The Forest of Four Footsteps
Conscious bullet noise.
Footsteps running in the forest one, two, three, four.
Four footsteps.
A soldier from the Arian army turned.
"One man… who is that?" he whispered.
It was a kid carrying another kid.
The way the boy moved, he looked around twelve or thirteen years old.
The one he was carrying was a girl, wearing a uniform
a Naryan uniform, though it looked too long for her.
Another soldier spoke.
"Do you think they know the plan of our commanders?
How is one of their soldiers so close to the second border, this deep inside the kingdom?"
"Find the kid, now!" another soldier shouted.
The forest was wide, close to the river
the same place where Zero and Aria had once fallen before.
"This kid is a boy," one of the Arian soldiers said.
"But the way he runs, carrying that girl…
He's like a monster. He knows what he's doing.
How can a boy fight like that so cold, so fast
like he has no care or sympathy left inside him?
It's impossible. This is the forest of our border,
the forest of the Arians, close to our home.
How can a kid move through this darkness and still see clearly?"
The fog covered everything.
They couldn't even see the sunlight
talk less of the moonlight.
The soldiers of Arian shouted in rage,
their footsteps echoing, the sound of wood breaking under their boots
as they ran and stumbled through the trees.
But then
they began to fall.
One by one.
Dropped by a single boy who moved like a shadow,
like a wild animal born in the forest.
"Hey, Zero," Aria shouted, her voice trembling as he ran.
"You can drop me now! You have no reason to carry me anymore!
I only came after you because of the message you left for me
that message you wrote before you disappeared leaving me and my lifeless body .
I'm not saying I'm not grateful…
but do you really think you can take this many soldiers on your own?

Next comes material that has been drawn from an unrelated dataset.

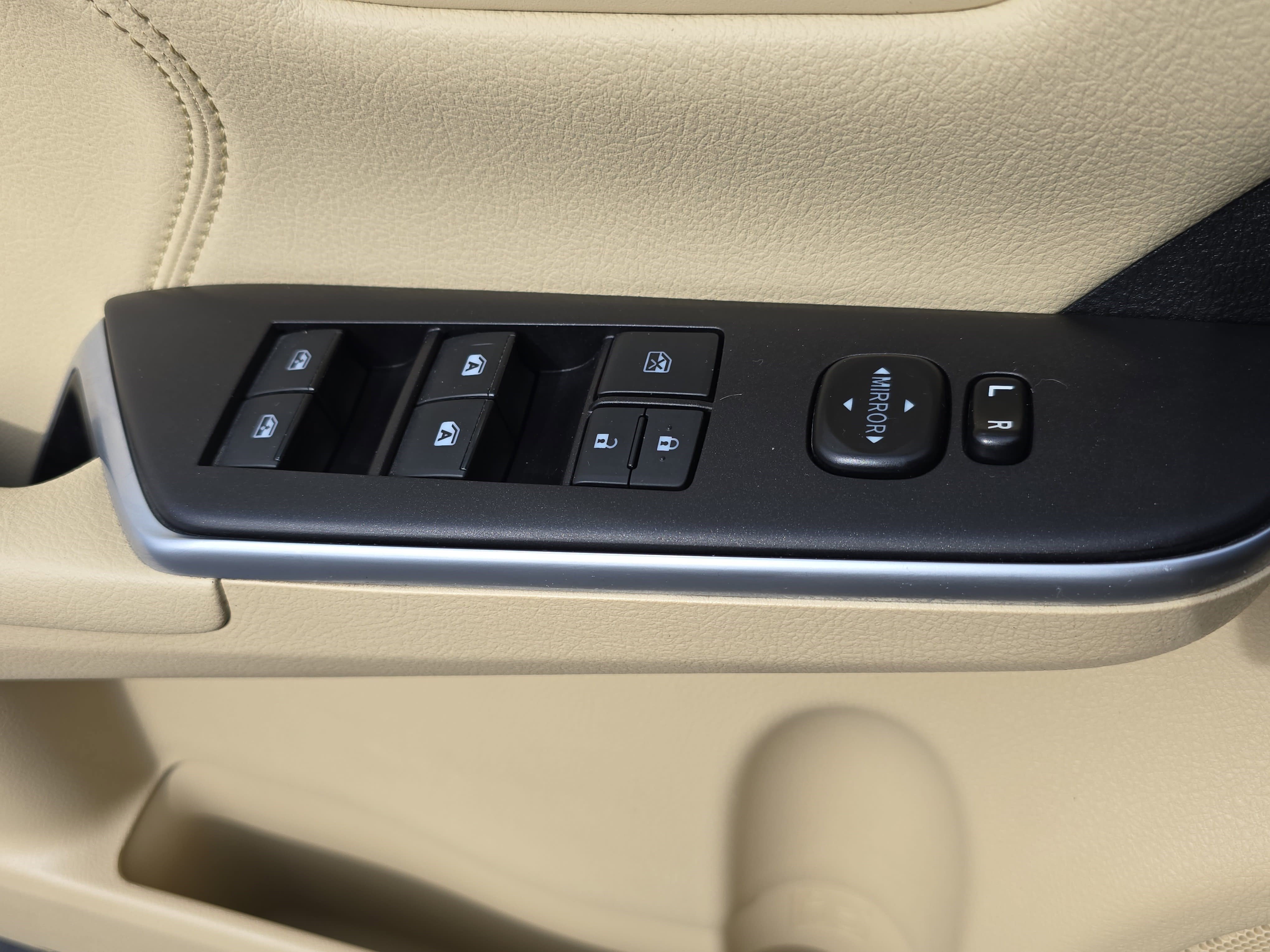 Used 2017 Toyota Camry XLE w/ Moonroof Package image 28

We're not even close to our commander or our team
not even the soldiers of Naryan could fight this long!"
Zero didn't reply.
He ran faster, eyes empty, silent as stone.

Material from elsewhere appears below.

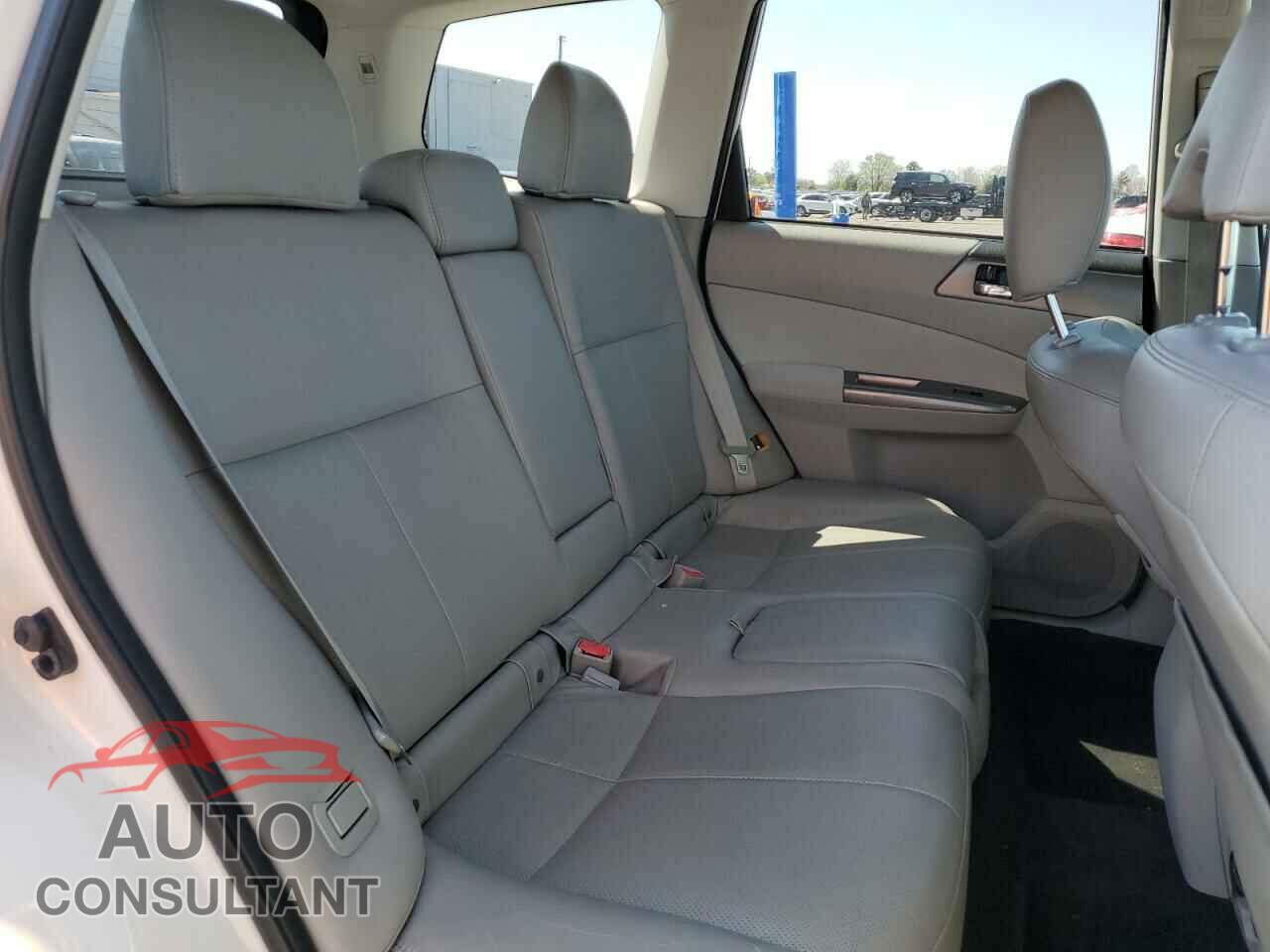 SUBARU FORESTER 2011 - JF2SHAEC5BH704789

His face had no expression.
In his mind, he tried to remember the face of a little girl
a face he had once seen, but couldn't picture clearly.
He didn't even know her name,
but somehow, he wanted to save the one he was carrying now.

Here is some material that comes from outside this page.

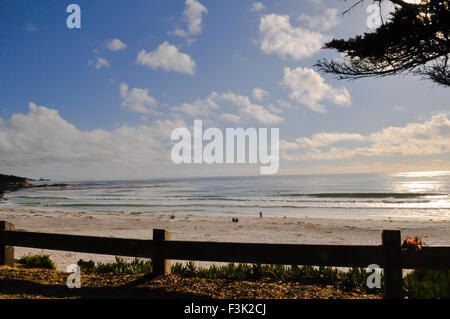 Riflettendo la luce del sole sul mare spiaggia Foto Stock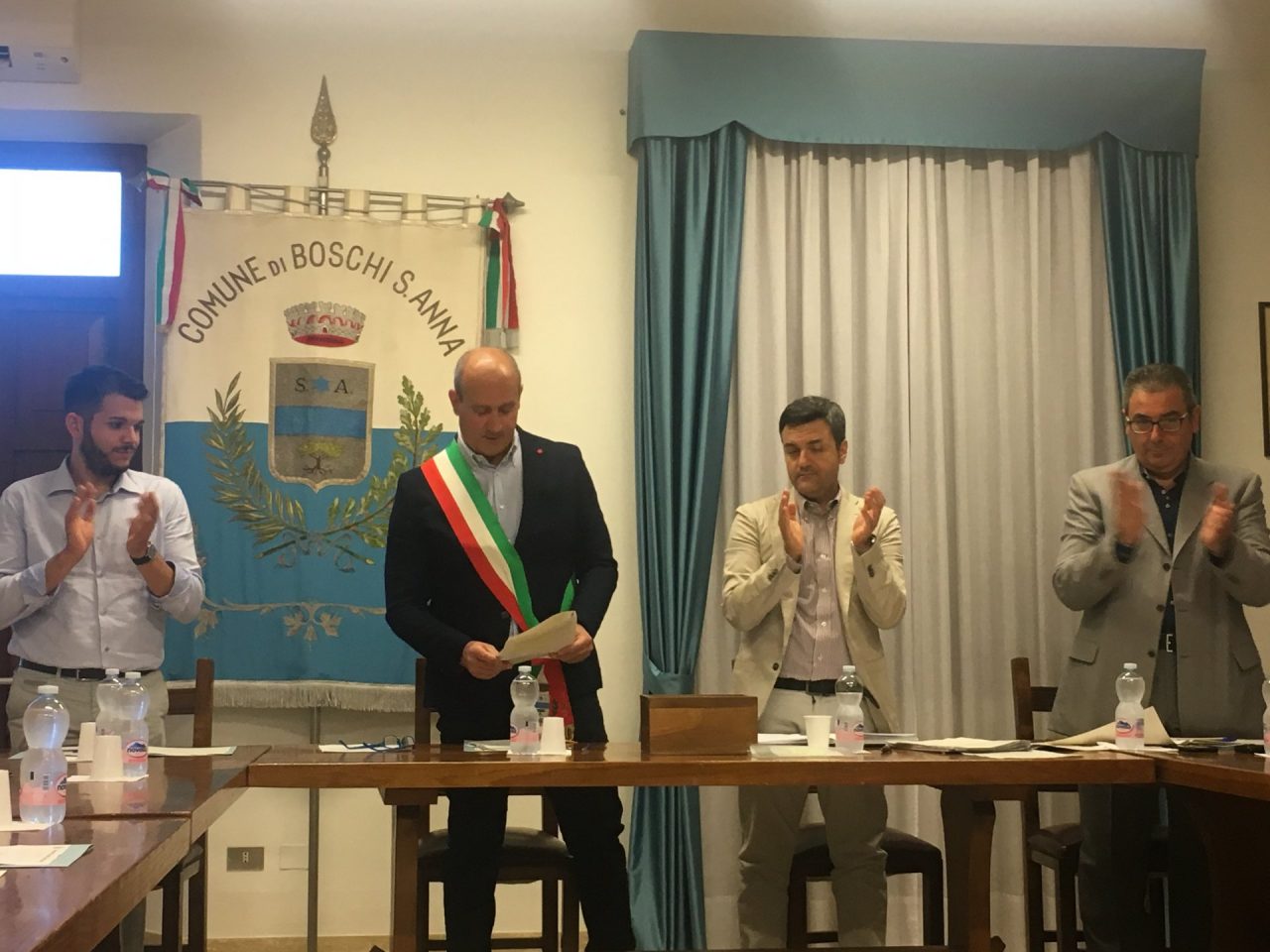 Via all’Amministrazione occhiali ma è polemica sulla composizione della Giunta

Then, without warning, the ground beneath them gave way.
Both of them fell into an old tunnel, hidden under the forest.
The Arian soldiers chasing them stopped.
They couldn't see the two anymore.
"They're gone," one said.
"Either dead, or lost inside that hole."
Another spoke, half proud, half afraid.
"That place is full of traps and wild animals.
If they went down there, they'll never come out alive."
And so, the soldiers turned back
their boots fading into silence.
Beneath the ground, in the tunnel's darkness,
two strange figures lay still
Zero and Aria.
"Now you finally drop me," Aria said with a shaky voice.
"I've been shouting for you to put me down, but you didn't even care.
Now we've fallen inside this tunnel, and you finally let me go.
This place is dark… please, don't leave me. Hold me."
Zero stood quiet, his voice cold.
"You're not a kid," he said.
"How old are you, clinging to me like that?
You're even older than me.
Why are you so shy?
If you're that scared, why did you carry a gun?"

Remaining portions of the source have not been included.